Still, we hardly ever get to hear about them. Intersex people are invisiblised due to our binary understanding of biological sex. And because they do not conform to the binary, intersex people are made to undergo medical surgeries in their early childhood so as to align their body with the traditional notions of sex.

These surgeries are invasive, involuntary and potentially harmful in the long-run due to their irreversible nature.

For decades, intersex organisations around the world have been demanding a complete ban on sex normalising surgeries.

Every year, more than 13,000 intersex children in India are made to undergo such procedures. (Source: Srishti Madurai Educational Trust Archives) Still, there is no standard medical protocol for treatment of intersex children.

The Madras High Court judgement outlawed this practice because it goes against their bodily integrity and their consent rights.

According to an official response of the National Human Rights Commission with the Ministry of Health & Family Welfare, these surgeries are being performed in India after “taking a written consent of the patient/guardian”.

The court examined the validity of consent given on behalf of intersex infants for undergoing sex selective surgeries and it held that the consent of the parent cannot be considered as the consent of the child.

In a judgement laced with references from ancient Indian epics as well as landmark apex court decisions, the Madras High Court banned such surgeries on intersex children and infants and directed the Tamil Nadu government to enforce the ban.

On 13 August 2019, the state government passed a government order banning the practice of sex normalising surgeries on intersex children except in life-threatening situations.

With this government order, Tamil Nadu became the first state in India to have given normative effect to the demand for stronger legal protection of rights of intersex children.

If adopted nationally, India will become the second country globally after Malta to have a legal regime which protects the rights of intersex children.

In a petition to National Human Rights Commission (NHRC) written in 2016, I had raised the demand to ban such surgeries on intersex infants and children.
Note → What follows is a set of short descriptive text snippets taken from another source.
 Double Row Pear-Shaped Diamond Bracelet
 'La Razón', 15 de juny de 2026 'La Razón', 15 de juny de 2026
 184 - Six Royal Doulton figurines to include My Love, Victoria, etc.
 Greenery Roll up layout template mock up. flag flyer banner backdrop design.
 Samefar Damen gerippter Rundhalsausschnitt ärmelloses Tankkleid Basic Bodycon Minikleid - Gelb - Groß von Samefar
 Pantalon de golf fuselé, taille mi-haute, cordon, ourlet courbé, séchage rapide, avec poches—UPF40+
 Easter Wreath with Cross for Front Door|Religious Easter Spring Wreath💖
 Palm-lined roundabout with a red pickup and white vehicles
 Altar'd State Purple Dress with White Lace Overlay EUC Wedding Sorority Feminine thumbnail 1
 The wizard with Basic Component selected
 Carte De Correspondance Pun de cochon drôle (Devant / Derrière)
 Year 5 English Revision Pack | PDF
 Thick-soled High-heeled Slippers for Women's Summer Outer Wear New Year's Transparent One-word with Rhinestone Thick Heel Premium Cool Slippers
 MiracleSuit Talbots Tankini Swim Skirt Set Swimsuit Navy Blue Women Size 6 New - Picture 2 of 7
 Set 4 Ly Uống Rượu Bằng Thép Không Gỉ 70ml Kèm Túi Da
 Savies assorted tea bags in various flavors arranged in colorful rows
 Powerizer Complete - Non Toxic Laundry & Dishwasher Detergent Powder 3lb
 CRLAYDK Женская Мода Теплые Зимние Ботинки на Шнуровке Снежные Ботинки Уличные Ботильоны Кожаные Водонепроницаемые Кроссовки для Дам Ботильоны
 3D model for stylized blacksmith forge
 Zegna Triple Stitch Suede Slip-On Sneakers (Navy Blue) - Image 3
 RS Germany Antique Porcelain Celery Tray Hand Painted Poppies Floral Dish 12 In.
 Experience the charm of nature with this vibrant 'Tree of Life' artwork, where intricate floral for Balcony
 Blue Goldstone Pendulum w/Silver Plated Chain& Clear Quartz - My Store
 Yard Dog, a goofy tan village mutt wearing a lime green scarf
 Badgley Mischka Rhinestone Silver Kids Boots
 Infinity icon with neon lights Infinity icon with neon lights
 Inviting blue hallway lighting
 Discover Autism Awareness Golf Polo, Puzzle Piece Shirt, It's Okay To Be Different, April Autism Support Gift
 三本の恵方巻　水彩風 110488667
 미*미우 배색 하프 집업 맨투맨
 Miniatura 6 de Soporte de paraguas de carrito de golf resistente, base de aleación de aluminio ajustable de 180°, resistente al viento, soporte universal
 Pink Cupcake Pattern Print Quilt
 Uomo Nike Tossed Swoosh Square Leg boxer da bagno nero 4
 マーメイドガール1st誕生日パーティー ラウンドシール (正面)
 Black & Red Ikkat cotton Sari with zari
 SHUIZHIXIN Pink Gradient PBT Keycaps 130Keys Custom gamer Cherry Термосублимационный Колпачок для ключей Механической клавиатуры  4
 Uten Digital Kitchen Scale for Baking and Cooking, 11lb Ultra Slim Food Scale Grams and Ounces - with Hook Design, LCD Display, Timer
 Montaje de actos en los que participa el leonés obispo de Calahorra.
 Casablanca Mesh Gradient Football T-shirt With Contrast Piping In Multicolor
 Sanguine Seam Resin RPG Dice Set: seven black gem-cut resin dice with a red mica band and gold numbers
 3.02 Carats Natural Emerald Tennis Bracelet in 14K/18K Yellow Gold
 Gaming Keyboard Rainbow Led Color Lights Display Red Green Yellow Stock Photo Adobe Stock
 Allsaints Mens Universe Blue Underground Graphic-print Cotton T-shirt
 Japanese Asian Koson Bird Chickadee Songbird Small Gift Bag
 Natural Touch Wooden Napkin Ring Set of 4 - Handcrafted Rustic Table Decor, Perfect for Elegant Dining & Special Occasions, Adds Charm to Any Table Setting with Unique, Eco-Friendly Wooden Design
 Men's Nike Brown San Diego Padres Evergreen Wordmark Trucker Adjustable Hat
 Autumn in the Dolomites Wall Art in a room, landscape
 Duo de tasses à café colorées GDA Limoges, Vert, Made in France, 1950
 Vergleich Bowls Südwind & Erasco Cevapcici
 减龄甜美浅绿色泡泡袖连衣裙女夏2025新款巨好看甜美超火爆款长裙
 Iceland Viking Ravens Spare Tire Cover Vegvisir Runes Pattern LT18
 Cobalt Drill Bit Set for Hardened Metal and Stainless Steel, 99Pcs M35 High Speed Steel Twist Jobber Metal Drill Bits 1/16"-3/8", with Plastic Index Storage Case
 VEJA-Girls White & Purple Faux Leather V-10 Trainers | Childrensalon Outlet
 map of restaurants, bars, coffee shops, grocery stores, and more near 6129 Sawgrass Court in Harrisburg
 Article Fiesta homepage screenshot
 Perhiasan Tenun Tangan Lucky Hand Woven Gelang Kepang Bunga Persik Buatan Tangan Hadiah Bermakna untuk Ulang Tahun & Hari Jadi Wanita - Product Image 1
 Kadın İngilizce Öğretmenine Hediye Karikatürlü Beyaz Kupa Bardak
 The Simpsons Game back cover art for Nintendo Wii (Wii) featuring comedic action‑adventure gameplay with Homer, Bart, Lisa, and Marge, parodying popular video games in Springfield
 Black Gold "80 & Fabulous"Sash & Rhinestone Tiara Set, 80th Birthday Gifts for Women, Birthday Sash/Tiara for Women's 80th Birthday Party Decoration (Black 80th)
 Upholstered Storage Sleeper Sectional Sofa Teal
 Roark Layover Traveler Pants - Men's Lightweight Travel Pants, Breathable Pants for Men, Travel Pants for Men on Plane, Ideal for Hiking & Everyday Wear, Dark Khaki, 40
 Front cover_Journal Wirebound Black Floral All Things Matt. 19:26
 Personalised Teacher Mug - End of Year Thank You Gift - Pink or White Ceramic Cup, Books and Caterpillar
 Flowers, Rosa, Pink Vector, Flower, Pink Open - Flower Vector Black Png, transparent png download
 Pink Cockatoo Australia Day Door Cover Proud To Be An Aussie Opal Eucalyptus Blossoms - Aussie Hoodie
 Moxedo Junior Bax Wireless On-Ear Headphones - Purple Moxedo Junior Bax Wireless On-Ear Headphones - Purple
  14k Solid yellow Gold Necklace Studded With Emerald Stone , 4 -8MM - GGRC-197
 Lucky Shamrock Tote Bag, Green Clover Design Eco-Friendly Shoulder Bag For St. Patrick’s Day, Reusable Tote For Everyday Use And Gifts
Prior to this judgement, intersex people in India were largely absent from the legal discourse and were consequently invisiblised in the public discourse as well.

This judgement was the first instance in which a court of law defined the term — ‘intersex’ and also highlighted the need to eliminate stigma against intersex people and the obligation of the government to raise public awareness on intersex rights.

Through the judgement, Justice G R Swaminathan has laid down a strong foundation for rights of intersex children quoting references from ancient Indian epics as well as landmark apex court decisions.

However, even after one year of the judgement, a comprehensive human rights protection is still a distant reality for the intersex community in India. This is quite visible from the recent legislative attempts such as the Transgender Persons Act, 2019.

The law fails to address their particular needs and they are repeatedly confused with trans identities. Intersex people differ from trans-people as their status relates primarily to their biological makeup and is not gender related.

On the first anniversary of this momentous judgement, it is hoped that the vision laid out by the Madras High Court in this judgement is emulated as a nationwide model for India and is also adopted by countries across the world.

Intersex surgeries have been deemed as a form of torture by the United Nations and condemned by the World Health Organization, and several other human rights organisations. This is a brilliant opportunity for India to emerge as a leader in advancing intersex human rights.